This time it’s personal

I am not a prolific blogger; any visitors to my website will have spotted this. In today’s world of sharing, liking and tweeting this may seem a little odd. But here are my reasons:

  1. I am a perfectionist. As someone whose career is anchored fundamentally in the use of words, I feel I have to hone my every utterance to be a shining example of language at the peak of its utility and beauty before I can release it to the masses. Naturally this never happens, if only because priority has to be given to paid work rather than my own whimsical meanderings. Like Joseph Grand in Camus’ La Peste, when it comes to the creative expression of my own thoughts, I can never stop editing.
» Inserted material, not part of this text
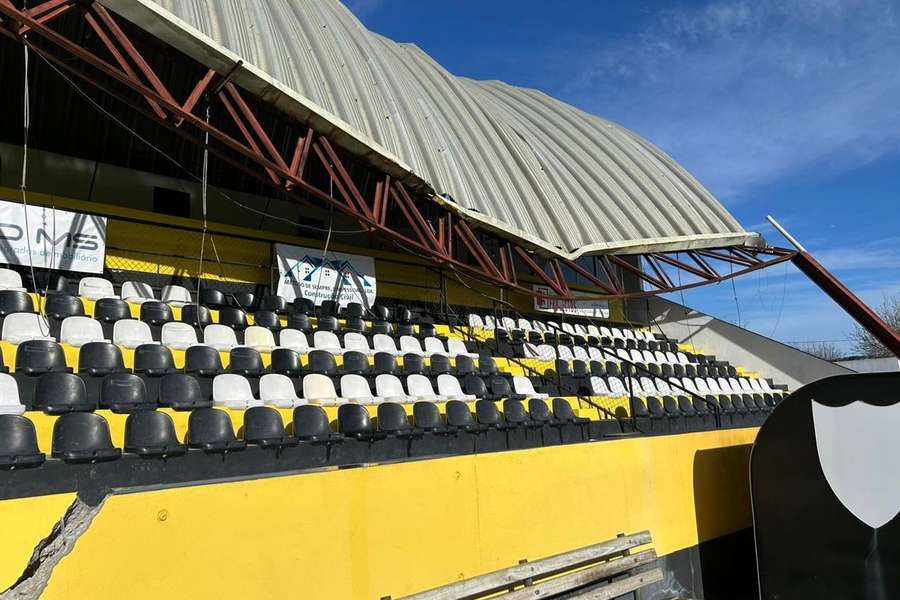 Mau tempo afetou estádio do Sourense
Perfection getting in the way of function yet again.
  2. I am an introvert. I’ve blogged before about this contrary aspect of my nature, and there is simply no getting away from the fact that, at heart, I simply don’t have an urge to share my innermost thoughts with the world. It’s generally enough that they’re there in my head. Any thoughts that need to be acted upon just get acted upon: I don’t feel the need to have a preamble about what I’m thinking about what I’m planning to get round to doing when I can finally drag myself away from blogging about… oh, wait, the moment has passed. You see?

However, one thing I have found in my first few months as an active freelancer is that I am absolutely rubbish at knowing how to relax and spend my ‘down time’. I used to come home from work, have a glass of wine (or two), cook dinner, watch TV and go to bed. Now I have (slightly) more choice as to when exactly I start/stop work and when I fit in relaxation/domestic chores. I enjoy swimming, going out for walks and running a nice hot bath, but often to enjoy these things fully I need more time than is available to me. I wish I could sit still for half an hour and just chill out, but I seem to be incapable of doing this. So I need to start making some more practical use of my time, something that engages my brain, keeps it busy and stops it wandering off on pathways that simply aren’t helpful. (My inner landscape is a thing of wonder and not a little wilderness. Imagine the blasted heath of Macbeth‘s witches, complete with storms, weirdness and full-on Shakespearian poetry, and mix it up with a substantial dose of Doctor Who navigating the perils of the space-time continuum in a dilapidated Tardis, and you come somewhere close to beginning to understand what it’s like inside my head.)

So I’ve decide to make a conscious effort to to start blogging more, if only to try to cling on to some semblance of what others perceive as reality. It’s quite nerve-racking for me, as one of my biggest fears is that potential clients could read what I have to say and not like it – and that this will impact on the work I get offered. But one of the main reasons I went freelance was to enjoy the, er, freedom that comes from being outside a company-bound environment – and if my thoughts provoke disagreement or disapproval, then I hope I can at least engage in a discussion as to why.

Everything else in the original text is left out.